Pékin (awp/afp) - La croissance économique de la Chine devrait avoir légèrement ralenti au troisième trimestre tout en demeurant robuste, selon un panel d'experts sondés par l'AFP, avant la publication jeudi de ce chiffre en plein congrès quinquennal du Parti communiste au pouvoir.

D'après la prévision médiane de 14 experts, la croissance du produit intérieur brut de la deuxième économie mondiale s'est établie à près de 6,8%, 6,75% très précisément, sur les trois mois de juillet à septembre, contre 6,9% au 1er comme au 2e trimestres.

La conjoncture avait été dopée sur la première moitié de l'année par une embardée du crédit et des dépenses publiques d'infrastructures, sur fond de sursaut de l'immobilier et du commerce extérieur.

Depuis, le tableau s'est assombri: essoufflement des exportations; ralentissement de la production industrielle et des ventes de détail; refroidissement du marché immobilier, encadré plus drastiquement.

Certes, un indicateur officiel fait état pour septembre d'un sursaut de l'activité manufacturière et le gouverneur de la banque centrale Zhou Xiaochuan a estimé ce week-end que la croissance pourrait accélérer à 7% au second semestre.

Les experts se montrent moins optimistes: "il y a, intentionnellement ou non, un durcissement de politique" économique, indique à l'AFP Liao Qun, chef économiste de Citic Bank International.

Soucieux de dégonfler une dette colossale, le régime tend à diminuer les liquidités disponibles et les investissements publics.

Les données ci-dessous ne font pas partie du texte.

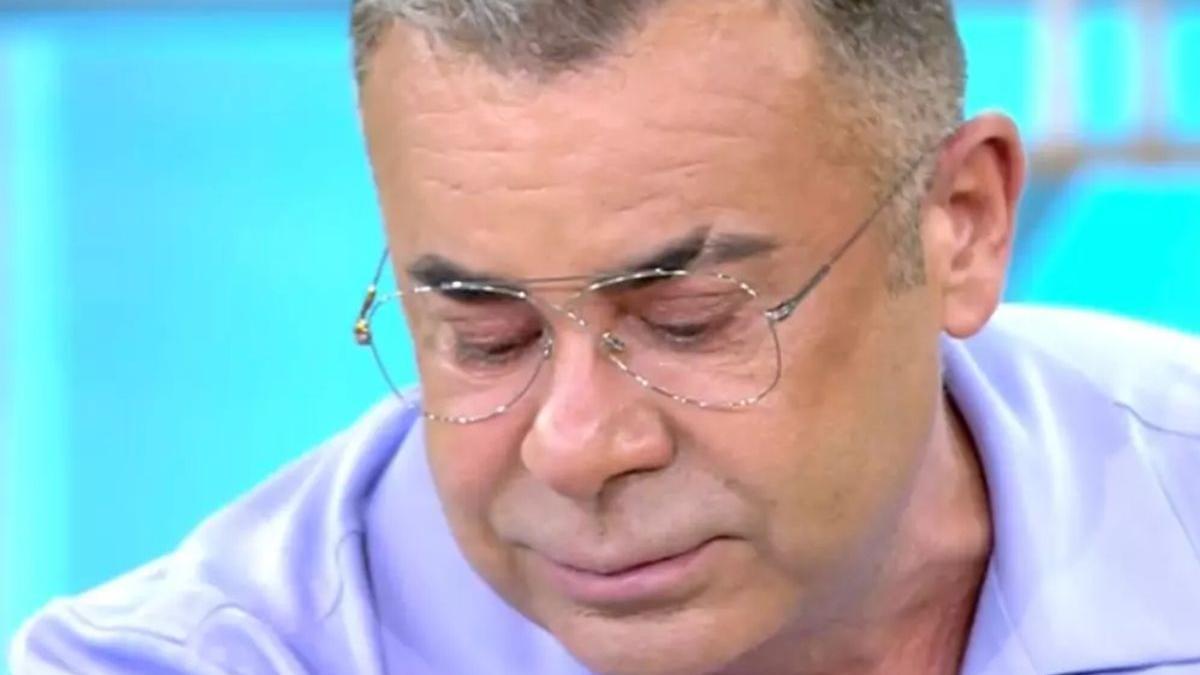 Detienen 'El diario de Jorge Javier' por el cáncer Los dos meses que me quedaban”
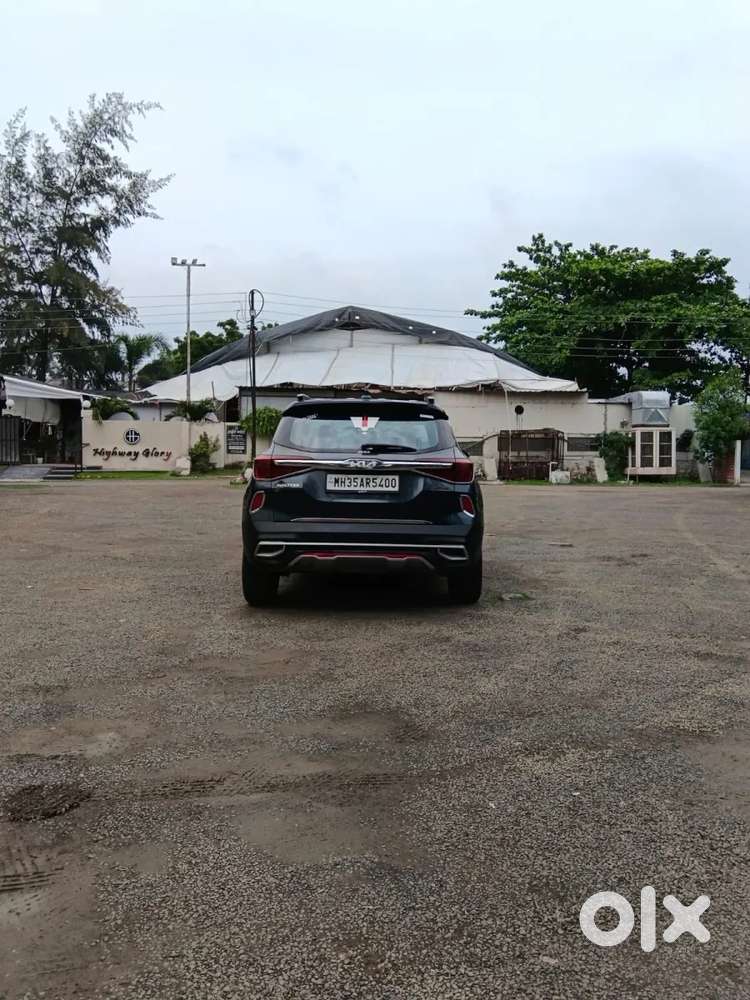 Kia Seltos Gtx Plus, 2023, Diesel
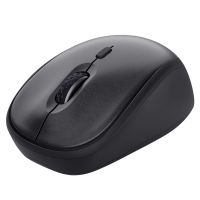 trust tm-201 raton inalambrico compacto 1600dpi negro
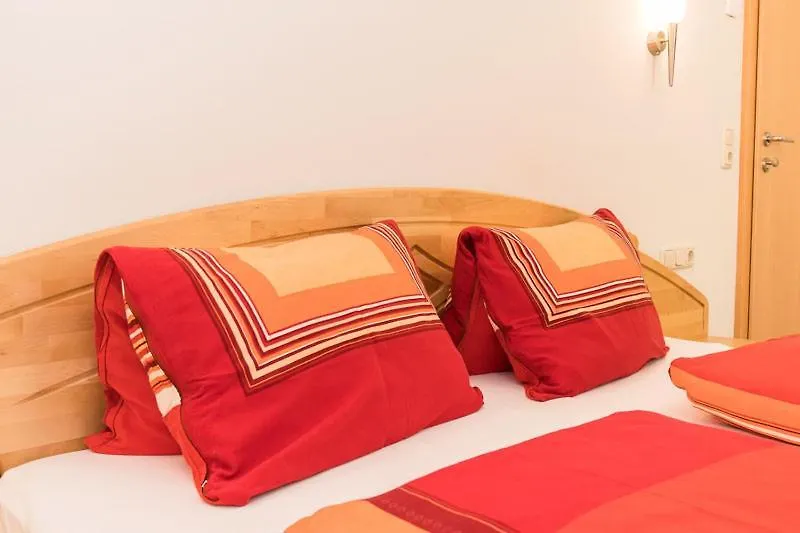 Appartment Hotel Mitterer Saalbach-Hinterglemm Lägenhet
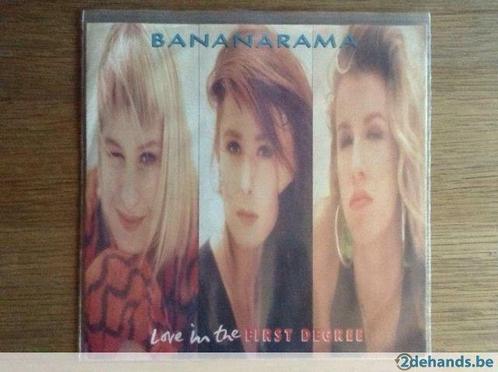 single bananarama, CD & DVD, Vinyles | Pop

Mais aussi à durcir le ton contre le secteur financier, pour réduire les créances douteuses et juguler les crédits non régulés, quitte à compliquer le financement de l'activité.

PRESSION SUR L'IMMOBILIER

Autre facteur pénalisant: des réductions plus marquées des surcapacités industrielles, en premier lieu celles des groupes étatiques sidérurgiques ou miniers, dans le cadre du rééquilibrage économique prôné par Pékin.

"Le gouvernement se montre encore plus volontaire dans sa lutte contre la pollution ces derniers temps, avec un plan très ambitieux de baisse de production (des industries lourdes) pour l'hiver dans le nord-est", région touchée par une pollution chronique, indique Claire Huang, de Société Générale.

De quoi "affecter probablement très douloureusement la production industrielle" et pénaliser encore davantage la croissance au 4e trimestre, prévient-elle.

Enfin, concernant le crucial secteur immobilier, les grandes métropoles continuent de restreindre les conditions d'achat et de vente des logements pour endiguer spéculation et flambée des prix, largement alimentées à crédit.

"Les réglementations deviennent plus restrictives dans un nombre croissant de villes" et ce d'autant que les autorités tentent d'introduire "davantage d'équité" sur ce marché très discriminant, souligne Larry Hu, analyste de Macquarie.

Par contagion, "les faiblesses du secteur immobilier ont probablement plombé le secteur des services" ces derniers mois, abonde-t-on chez Bank of America-Merrill Lynch.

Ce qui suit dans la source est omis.